На крик примчались братья его жены, побросали мешки. Один набросился на Овака сзади:
— Вот тебе, пес! Вот тебе, разрушитель храма!
И другой его ударил:
— Вот тебе, контра!
И кладовщик от них не отставал:
— На государство покушался, кулацкая бацилла? Вот тебе!..
Овак явился домой измордованный, окровавленный. Рухнул на тахту, закрыл лицо руками и зарыдал в голос. Салвизар в испуге подошла к нему:
— Овак!.. Овак-джан, что стряслось?..
— Коммуна у-мер-ла... — простонал Овак.
Бандиты
Перевод А. Тер-Акопян
Каждое утро отворялась дверь хлева, и стадо коров выходило на ухабистую улицу. Люди, которые раньше батрачили на Сого, по одному его окрику бежали вслед за стадом, теперь глядели на Сого как на осужденного. Сого не имел права голоса, не мог ни избирать, ни быть избранным, а вчерашний голодранец Еранос мог вдруг сделаться депутатом, вмешиваться в государственные дела и решать, как поступить с Сого.
Сого бесился. Громко ругался — а кого ругал, было неясно. Неважно — лишь бы люди знали: живет в Сого сила, подтверждающая, что он не ровня прочим.

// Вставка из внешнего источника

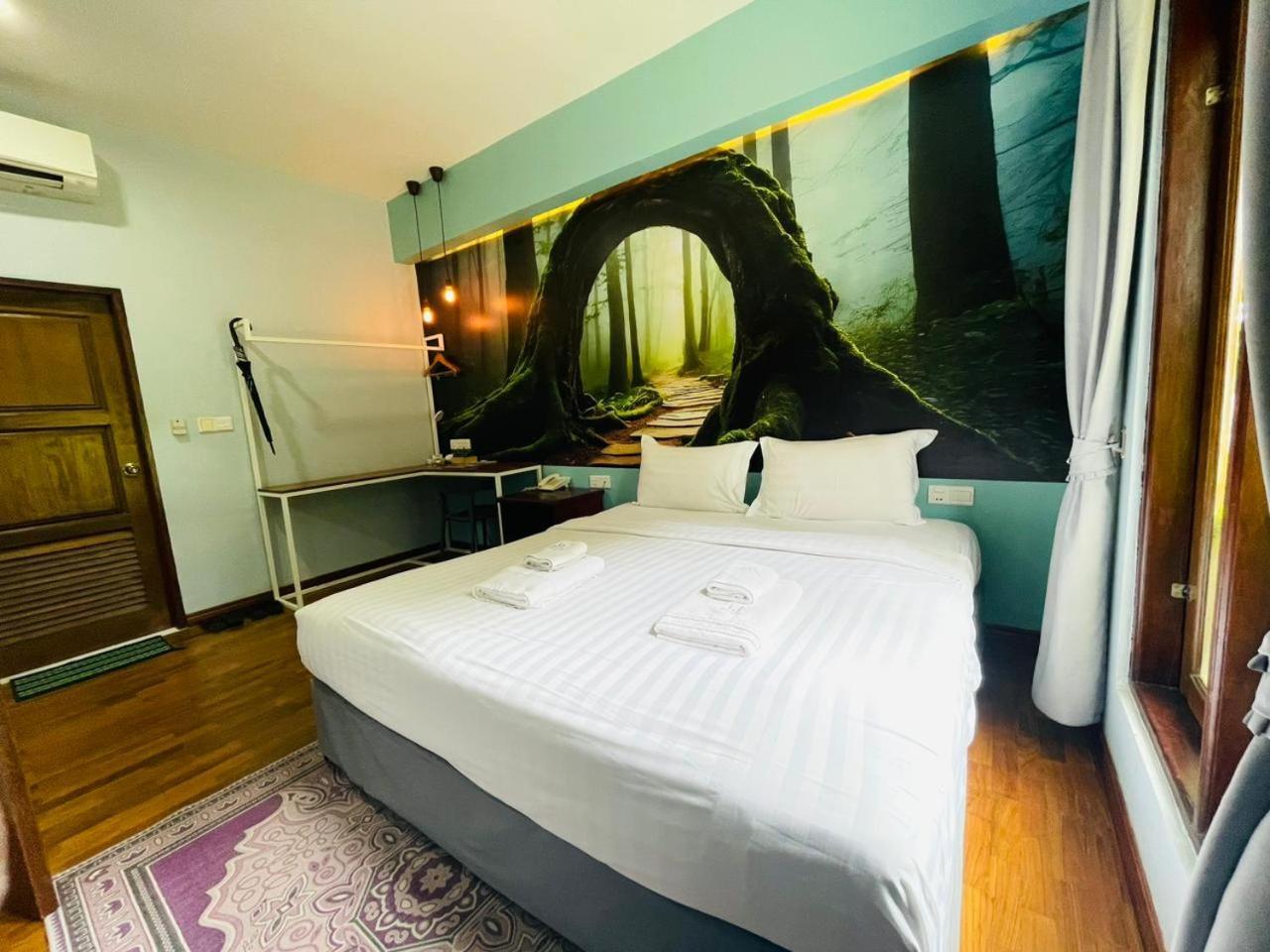 WH Hotel y Apartamento con servicio Thanlyin Exterior foto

Все можно утратить, кроме чувства превосходства.
Он гнал стадо заливными лугами, следил за тем, чтоб скот не разбредался, и, опершись на палку, слушал мычание коров. В такие минуты казалось, что он ничего не ощущает, ни о чем не думает, что он безразличен ко всему, касающемуся белого света и человека. А на самом деле он уносился мысленно в Тавриз, где никогда не был, но где жил его сын Мурад.